**RECORDED DATA:**

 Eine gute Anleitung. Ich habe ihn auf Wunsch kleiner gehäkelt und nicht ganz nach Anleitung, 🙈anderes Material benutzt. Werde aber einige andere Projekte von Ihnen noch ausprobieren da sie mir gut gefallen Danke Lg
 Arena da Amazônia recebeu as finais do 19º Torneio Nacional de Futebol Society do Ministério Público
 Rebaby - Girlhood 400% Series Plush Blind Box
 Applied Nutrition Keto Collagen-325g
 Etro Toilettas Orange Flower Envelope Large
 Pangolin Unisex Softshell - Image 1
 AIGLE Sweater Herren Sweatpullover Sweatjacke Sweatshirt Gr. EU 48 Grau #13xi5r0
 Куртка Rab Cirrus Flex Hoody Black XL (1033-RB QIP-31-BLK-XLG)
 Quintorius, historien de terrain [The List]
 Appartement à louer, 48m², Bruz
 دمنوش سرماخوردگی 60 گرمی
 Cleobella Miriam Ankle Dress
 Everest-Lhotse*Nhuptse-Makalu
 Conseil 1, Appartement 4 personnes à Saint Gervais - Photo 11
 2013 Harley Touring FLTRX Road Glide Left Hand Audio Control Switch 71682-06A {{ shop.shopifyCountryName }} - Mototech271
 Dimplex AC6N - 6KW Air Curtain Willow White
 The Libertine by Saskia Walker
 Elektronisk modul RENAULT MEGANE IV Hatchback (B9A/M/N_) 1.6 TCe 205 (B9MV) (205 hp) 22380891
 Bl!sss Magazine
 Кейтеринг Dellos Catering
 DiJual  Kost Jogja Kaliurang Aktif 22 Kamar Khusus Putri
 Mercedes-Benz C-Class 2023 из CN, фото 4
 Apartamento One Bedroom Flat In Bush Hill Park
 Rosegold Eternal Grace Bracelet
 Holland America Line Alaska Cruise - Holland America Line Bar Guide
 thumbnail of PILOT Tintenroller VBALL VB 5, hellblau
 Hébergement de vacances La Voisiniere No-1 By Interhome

**ABOUT THIS TASK:** Each line from the one with "Holland America Line Alaska" through the last line of the records must be written out word for word. Include nothing else.

**YOUR SOLUTION:**
 Holland America Line Alaska Cruise - Holland America Line Bar Guide
 thumbnail of PILOT Tintenroller VBALL VB 5, hellblau
 Hébergement de vacances La Voisiniere No-1 By Interhome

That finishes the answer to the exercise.